The Lodi's who migrated to Pakistan after partition speak Urdu and Pashto. Lodi Pashtuns (Pathan) are predominantly an Eastern Iranian people, who use Pashto as their first language, and live in Afghanistan and Northern Pakistan.
Pashtun nationalism emerged following the rise of Pashto poetry that linked language and ethnic identity. Pashto has national status in Afghanistan and regional status in neighbouring Pakistan. In addition to their native tongue, many Pashtuns are fluent in Dari, Persian, Urdu and English. Throughout their history, poets, prophets, kings and warriors have been among the most revered members of Pashtun society. Early written records of Pashto began to appear around the 16th century.
Today, Lodi are mainly found in Afghanistan and some parts of Pakistan (mainly Northern Pakistan).

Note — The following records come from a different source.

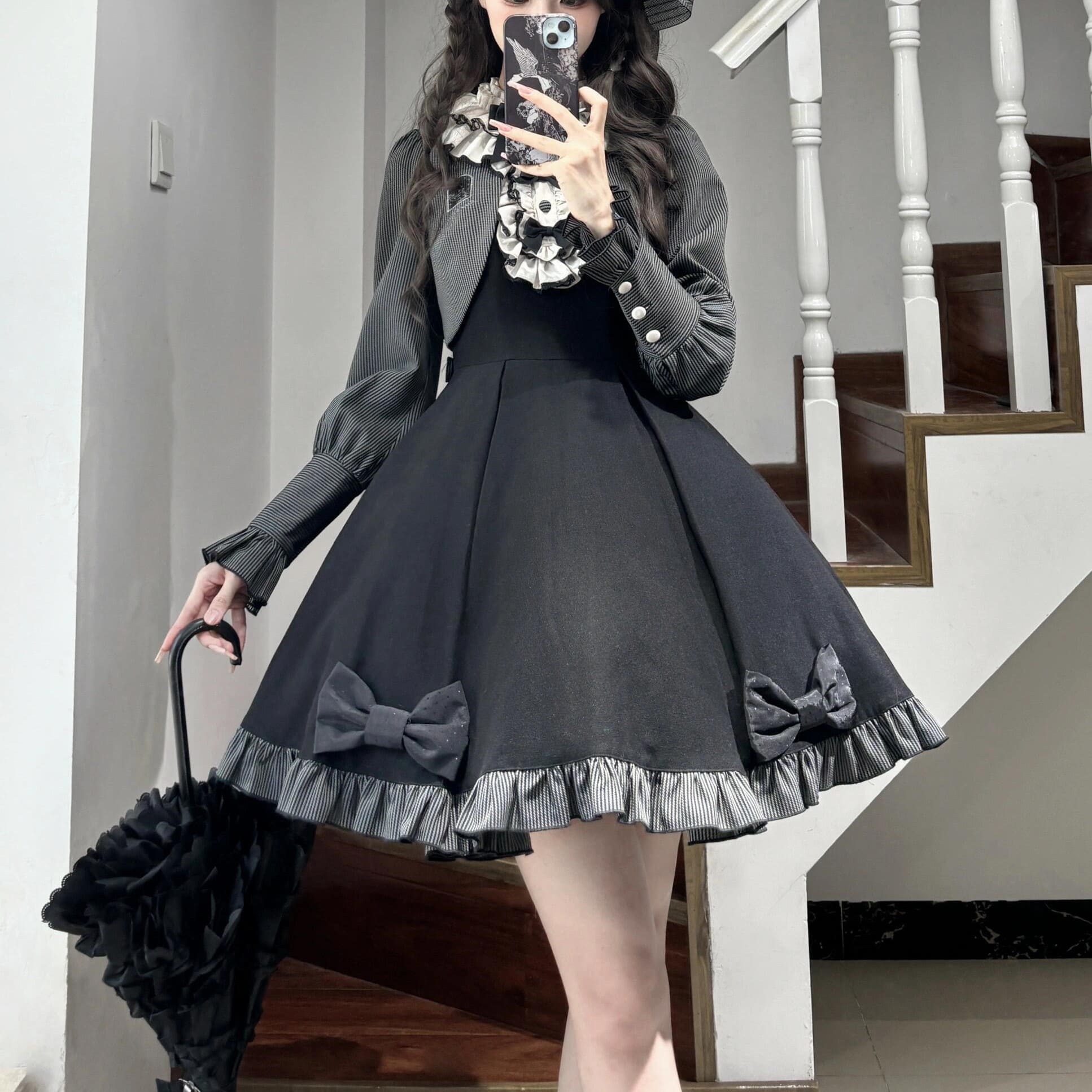 公式】黒猫と魔法使いのワンピース - ロリータファッション通販Raffiné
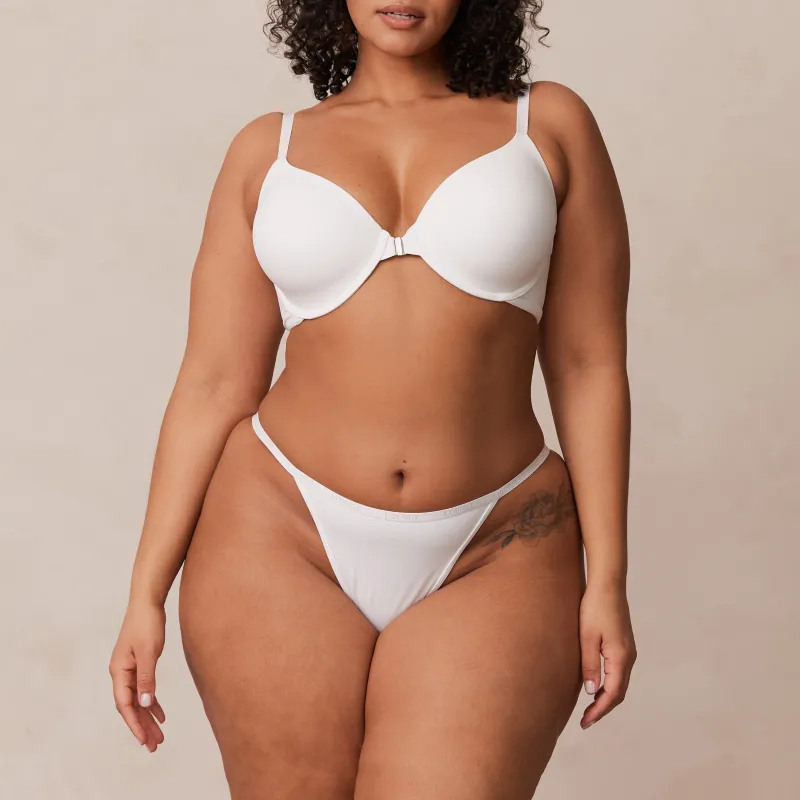 Lounge Underwear Tragerlose | Slips | Smooth Front Fastening T-shirt BH -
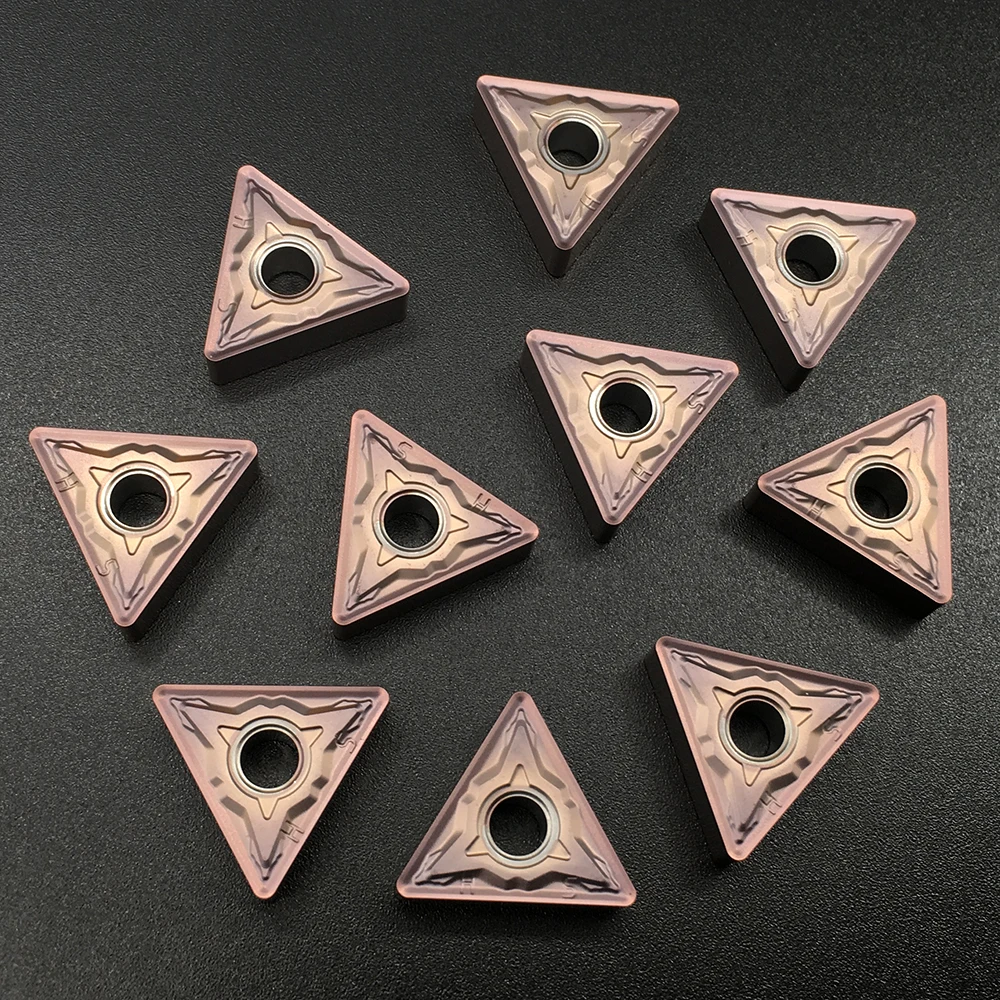 10PCS TNMG160404 TNMG160408 HS PC9030 คาร์ไบด์แทรกภายนอกหมุนเครื่องมือเครื่องกลึงCNCเครื่องมือTNMG 160404 08 สำหรับMTLNRเครื่องมือผู้ถือ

The "Lodi" family name is often linked with the title "Khan" in the form "Khan-Lodi". Sometimes only the "Khan" or "Lodi" is retained. "Khan" is a title denoting nobility, and does not necessarily mean its bearer is a Lodi or of Lodi extraction. Today there is still Lodi's in Pakistan, India. All other Lodi outside of India & Pakistan are descent to either Pakistani or Indian Lodi.